## What is being asked:
In the entries below, find the line with "Welcome to Value" and the line with "In this Excel, what". Return those two lines and all lines between them, exactly.

## Supplied records:
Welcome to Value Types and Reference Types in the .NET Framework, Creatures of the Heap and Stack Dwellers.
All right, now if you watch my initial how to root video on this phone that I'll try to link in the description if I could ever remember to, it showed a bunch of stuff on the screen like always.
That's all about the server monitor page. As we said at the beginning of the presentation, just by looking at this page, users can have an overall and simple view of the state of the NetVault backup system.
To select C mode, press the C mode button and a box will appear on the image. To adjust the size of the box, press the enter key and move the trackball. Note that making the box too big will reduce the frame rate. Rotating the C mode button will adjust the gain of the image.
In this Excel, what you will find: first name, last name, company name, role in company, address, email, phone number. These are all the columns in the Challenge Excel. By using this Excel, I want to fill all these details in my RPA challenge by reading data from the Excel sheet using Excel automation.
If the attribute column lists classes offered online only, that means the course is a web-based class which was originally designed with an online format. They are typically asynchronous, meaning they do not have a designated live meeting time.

...

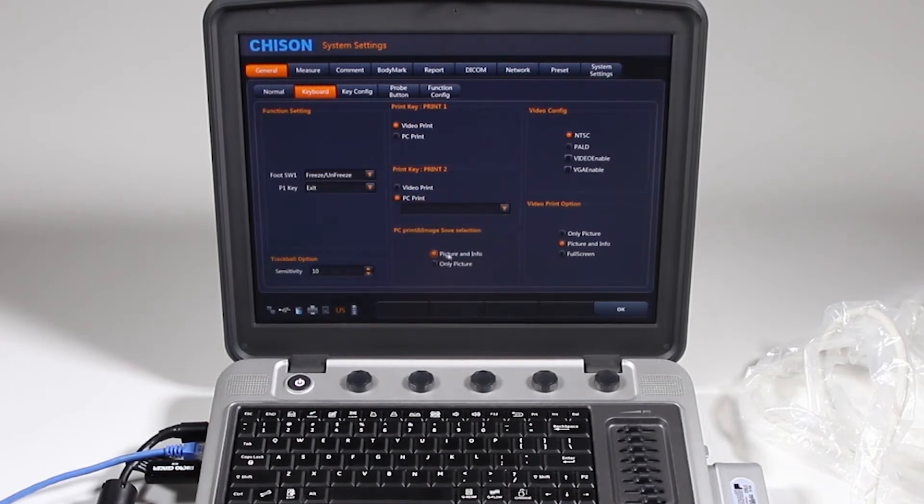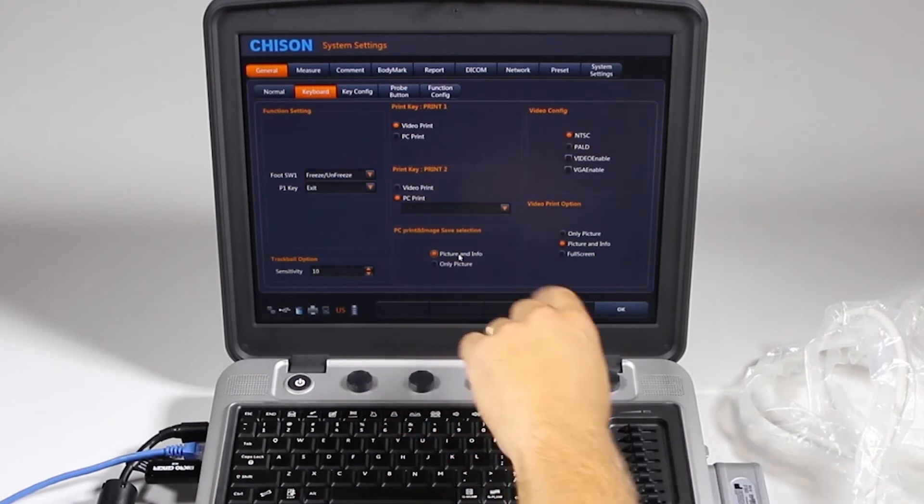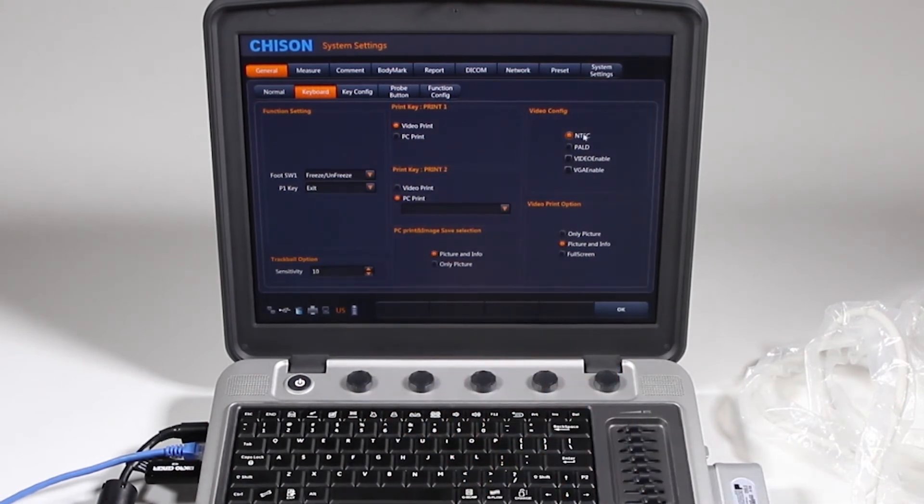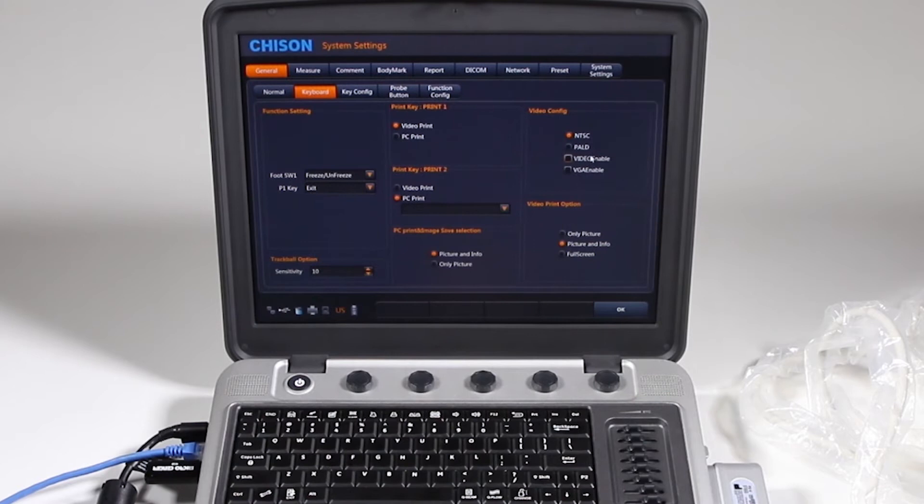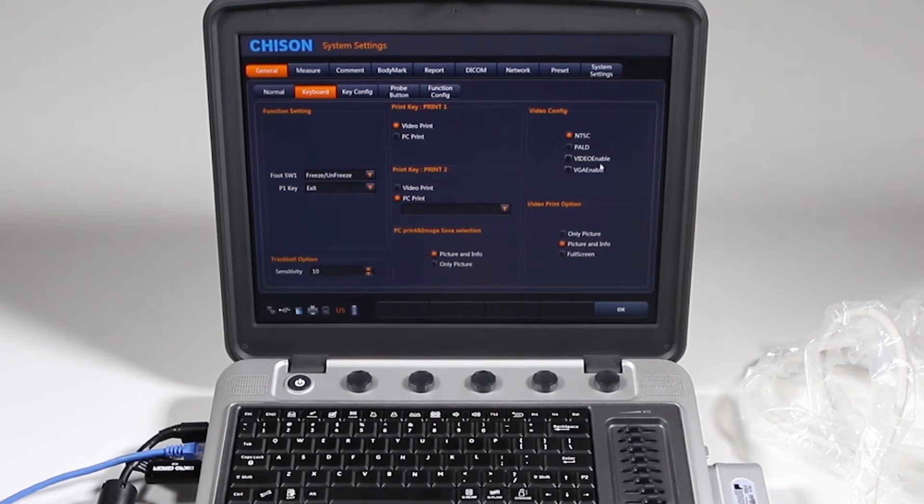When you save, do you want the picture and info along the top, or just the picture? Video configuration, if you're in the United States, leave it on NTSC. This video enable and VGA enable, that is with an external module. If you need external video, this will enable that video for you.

--

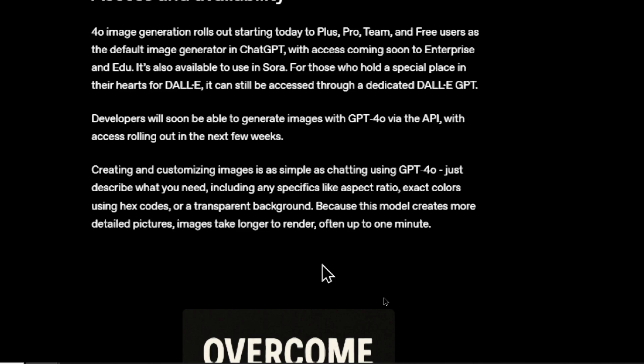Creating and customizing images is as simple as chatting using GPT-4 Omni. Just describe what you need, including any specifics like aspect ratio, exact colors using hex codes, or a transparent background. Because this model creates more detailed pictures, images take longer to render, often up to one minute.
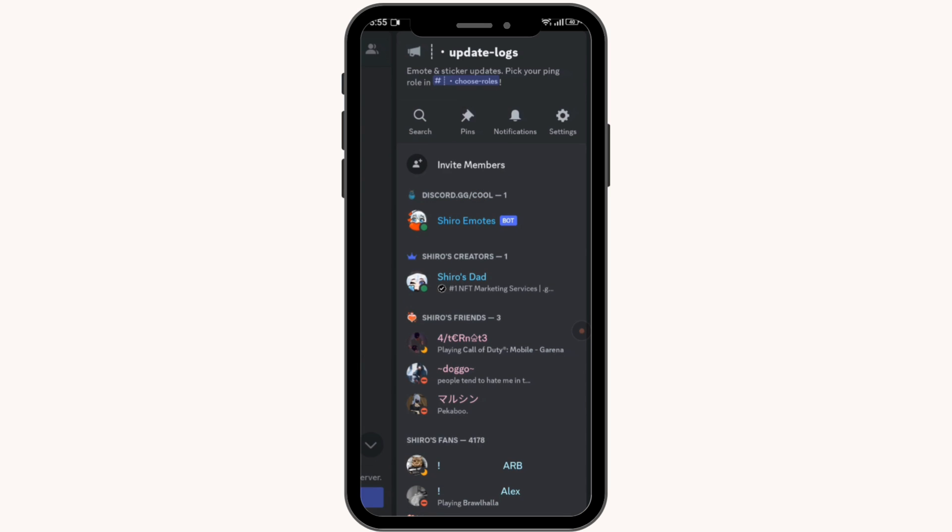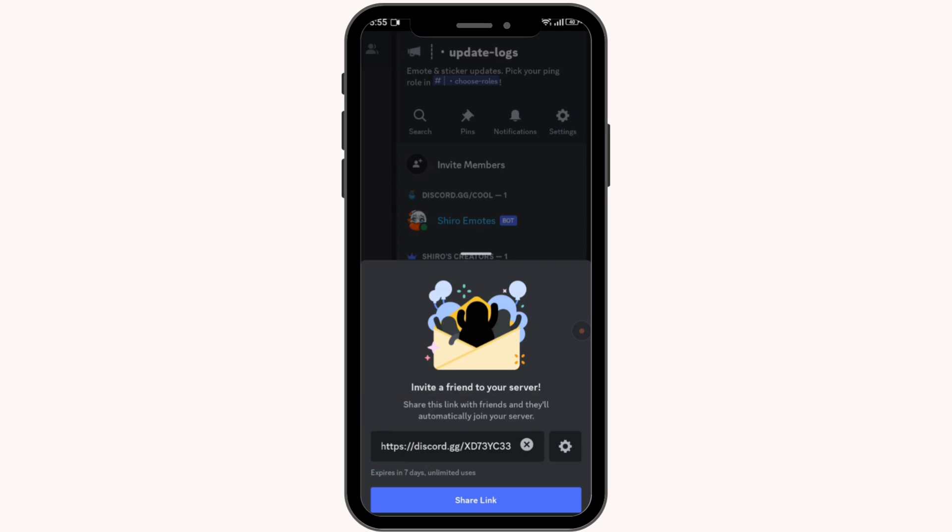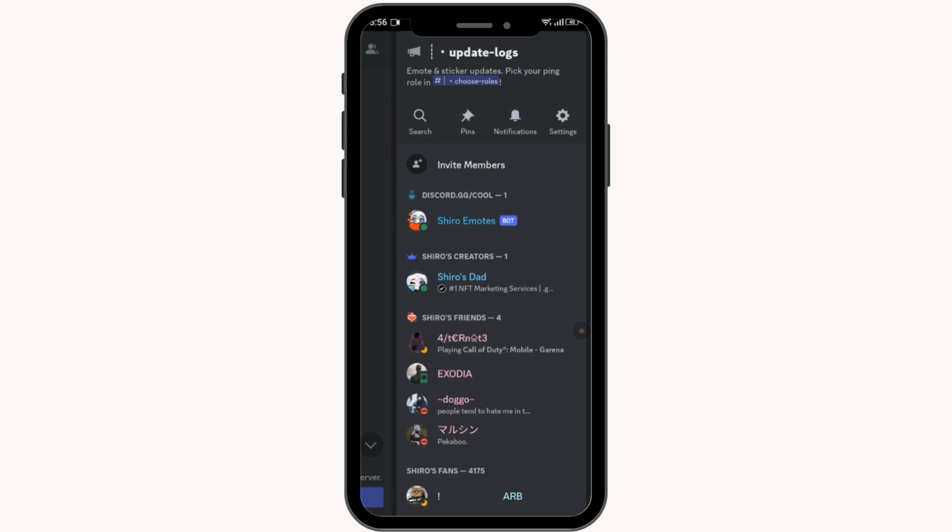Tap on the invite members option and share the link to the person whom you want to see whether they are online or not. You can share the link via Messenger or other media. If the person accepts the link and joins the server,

## Result of this task:
Welcome to Value Types and Reference Types in the .NET Framework, Creatures of the Heap and Stack Dwellers.
All right, now if you watch my initial how to root video on this phone that I'll try to link in the description if I could ever remember to, it showed a bunch of stuff on the screen like always.
That's all about the server monitor page. As we said at the beginning of the presentation, just by looking at this page, users can have an overall and simple view of the state of the NetVault backup system.
To select C mode, press the C mode button and a box will appear on the image. To adjust the size of the box, press the enter key and move the trackball. Note that making the box too big will reduce the frame rate. Rotating the C mode button will adjust the gain of the image.
In this Excel, what you will find: first name, last name, company name, role in company, address, email, phone number. These are all the columns in the Challenge Excel. By using this Excel, I want to fill all these details in my RPA challenge by reading data from the Excel sheet using Excel automation.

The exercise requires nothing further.